# Ridiculous barking and growling at specific dogs.



## schtuffy (May 17, 2010)

Louis is friendly with almost everyone...children, adults, other dogs...except these 2 dogs in our neighborhood, a shiba inu named Luke and a greyhound named Dobby. When he does bark at people, it's usually out of excitement or a play bark, and it lasts a short duration.

Every time Luke or Dobby is walking outside, Louis will drop anything he's doing and run (sometimes down 2 flights of stairs) to the window and start aggressively barking or growling at them...like, attacking the window. He even wakes up in the middle of the night to do this. 

I've been trying a couple different commands to deter this behavior...sometimes when he's starting to get worked up and runs downstairs, I either call him to come to me or tell him to leave it. Then I either treat him right away or make him sit/stay and focus on me until 'the threat' has passed. But also, over 50% of the time, he's so fixated that he doesn't even hear me giving him the commands and I can't pull him away from the window. 
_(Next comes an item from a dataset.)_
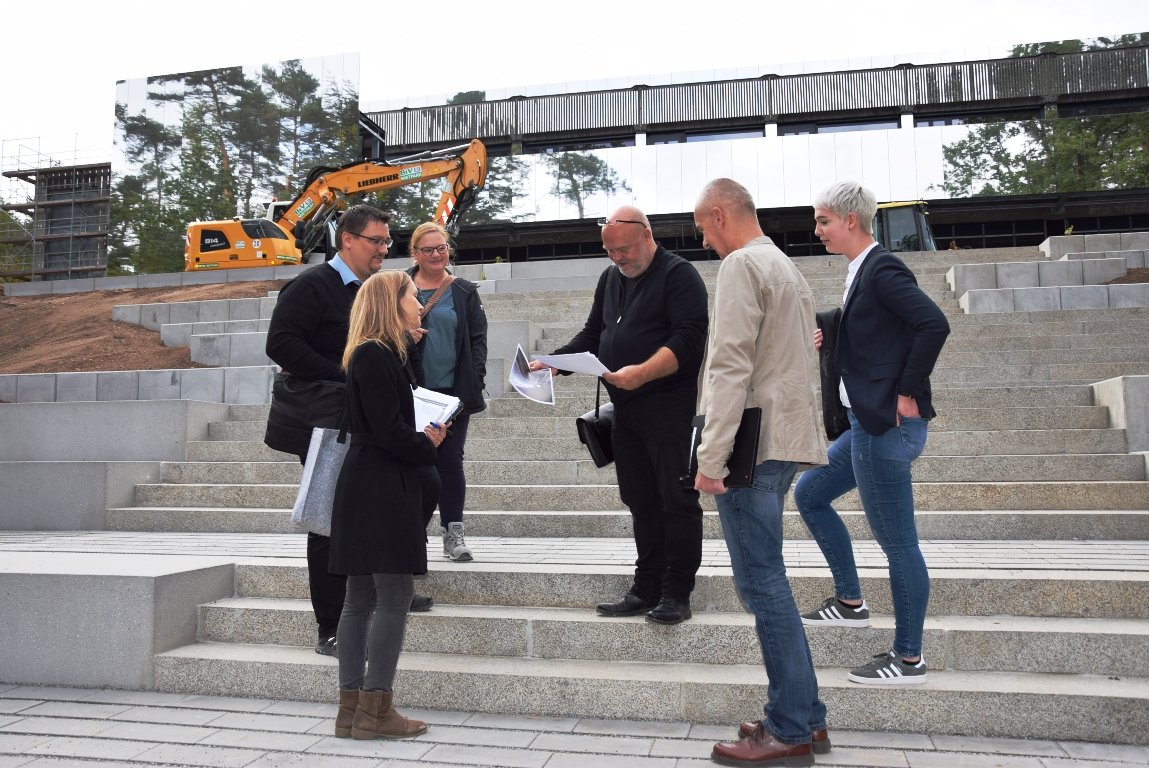 Ortstermin Generalsanierung Gymnasium Neustadt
My husband is skepitcal about positive reinforcement on this one. I did mention this problem awhile back, but never made a thread dedicated to it. Am I doing the right thing? Should I keep doing what I am doing, or is there another method I can try? I'm not sure he's making an improvement...he does 'leave it' and come to me sometimes, but like I said, other times I can't even get him away from the window. It's frustrating...Louis is actually pretty timid around bigger dogs. I'm sure if I let him off leash with Luke and Dobby somewhere, just the act of them sniffing will send him off with his ears pinned and tail tucked between his legs :doh:


----------



## schtuffy (May 17, 2010)

Well I'm not convinced this situation is getting any better. I met with Luke's owner and tried to let the dogs get acquainted, but Louis just kept barking in his face so I took him inside. I also met with Dobby's owner since the dogs have never formally been introduced. Louis went crazy and I was actually a little worried he was going to attack. I had to pick him up and take him inside. But then he just gets super fixated and growls and barks in the window. 
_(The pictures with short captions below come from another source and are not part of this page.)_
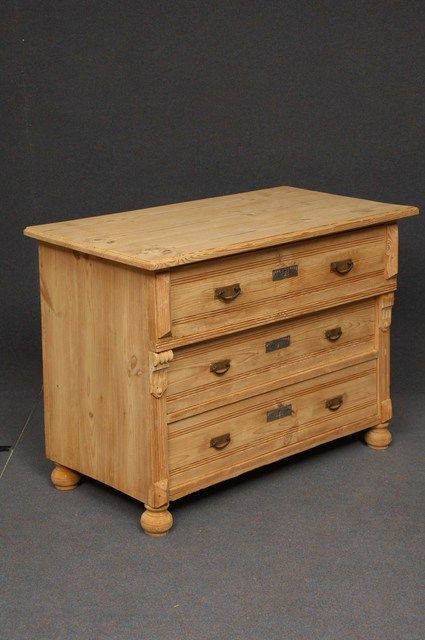 Small Antique Pine Chest of Drawers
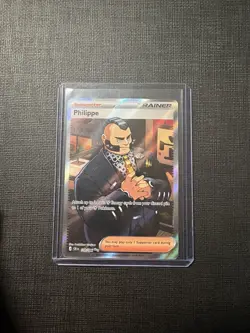 Philippe 110/086: Chaos Rising Full Art SIR Holo Ultra Rare NM Pokemon - Image 1
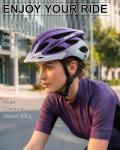 KINGBIKE Lightweight Cycling Helmet with Rechargeable Light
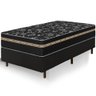 Cama Box Preta + Colchão Solteiro King Ortho Suport Ortopédico Espuma D33 Pillow Paparazzi - 1
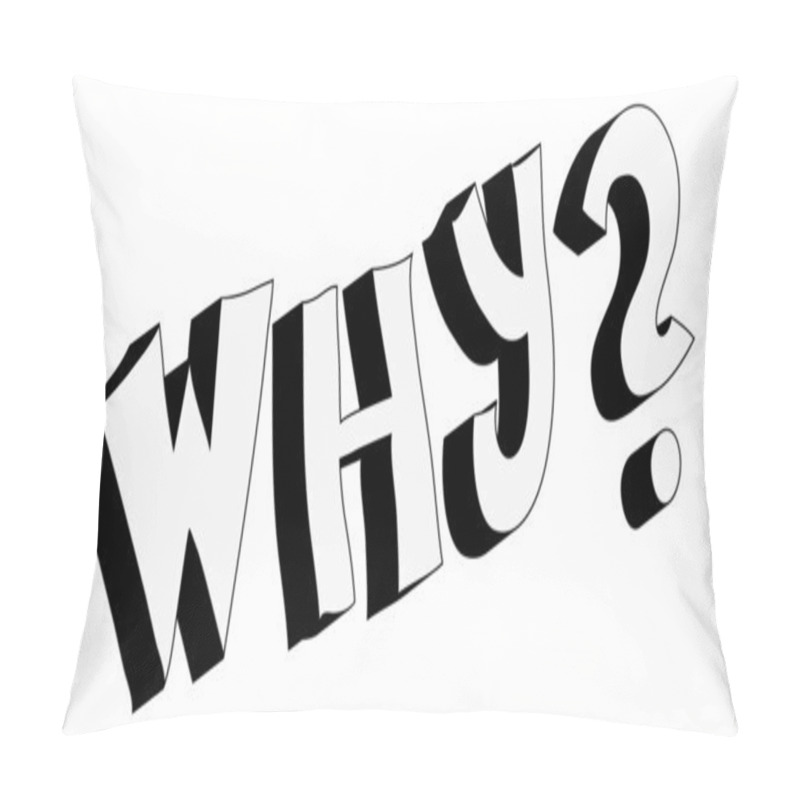 Personality  3D Why Question Pillow Covers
At night if either of those dogs are getting walked after we go to bed, Louis will paw at our bedroom door...whine and growl to be let out, so he can run downstairs and proceed to terrorize at the window. Obviously I don't want to reward him by giving in to him and opening the door. Does anyone have any advice or training books to recommend? I really want to nip this in the bud...if we really are going to get another dog in the next year, I have to correct this behavior.


----------



## DaneMama (Jun 27, 2008)

I don't know how I overlooked your original post! ACK! 

Ok, first off, adding more "aggression" in the form of a punishment will only make the situation worse. And it wont fix the problem at all, because it doesn't teach Louis what to do instead of attacking the window. 
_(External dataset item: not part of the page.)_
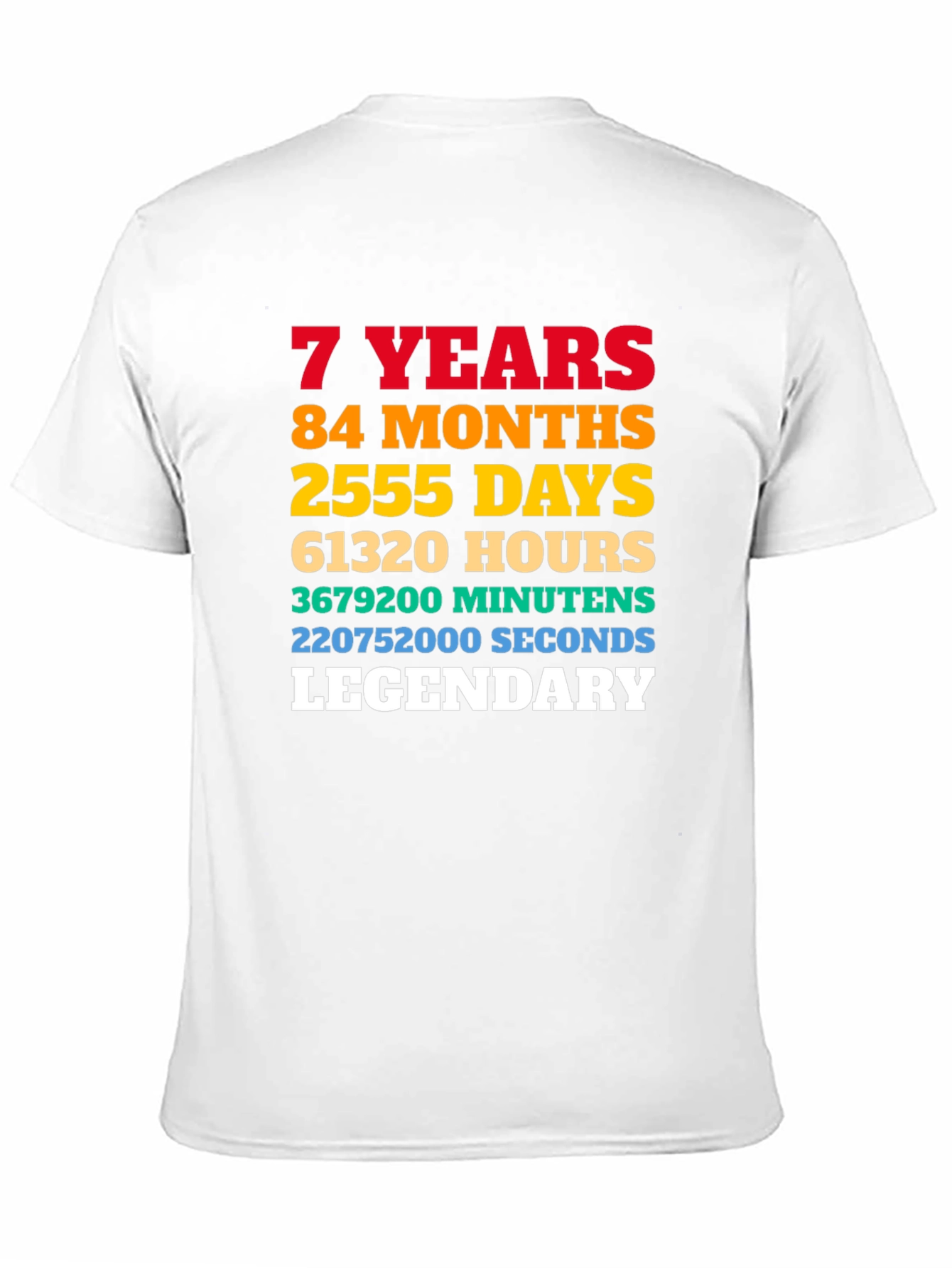 7 Years Legendary Graphic T-Shirt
Are the dogs being walked in front of your house on a regular basis? Meaning is it at a very predictable time? 

If so, I would use that to your advantage and be prepared. Because preventing him from attacking the window is the first step. This sounds like a well ingrained habit from the sounds of it which means that it'll be hard to fix. If you don't already have a kennel or crate I would highly recommend getting one. That way when the time comes that those dogs are being walked by, you can kennel him FAR away from the window and work on focus games there. You don't want to start out doing focus games close to the window because that is too much of a distraction to Louis. He's convinced that whatever is outside is far more important than you and your treats. 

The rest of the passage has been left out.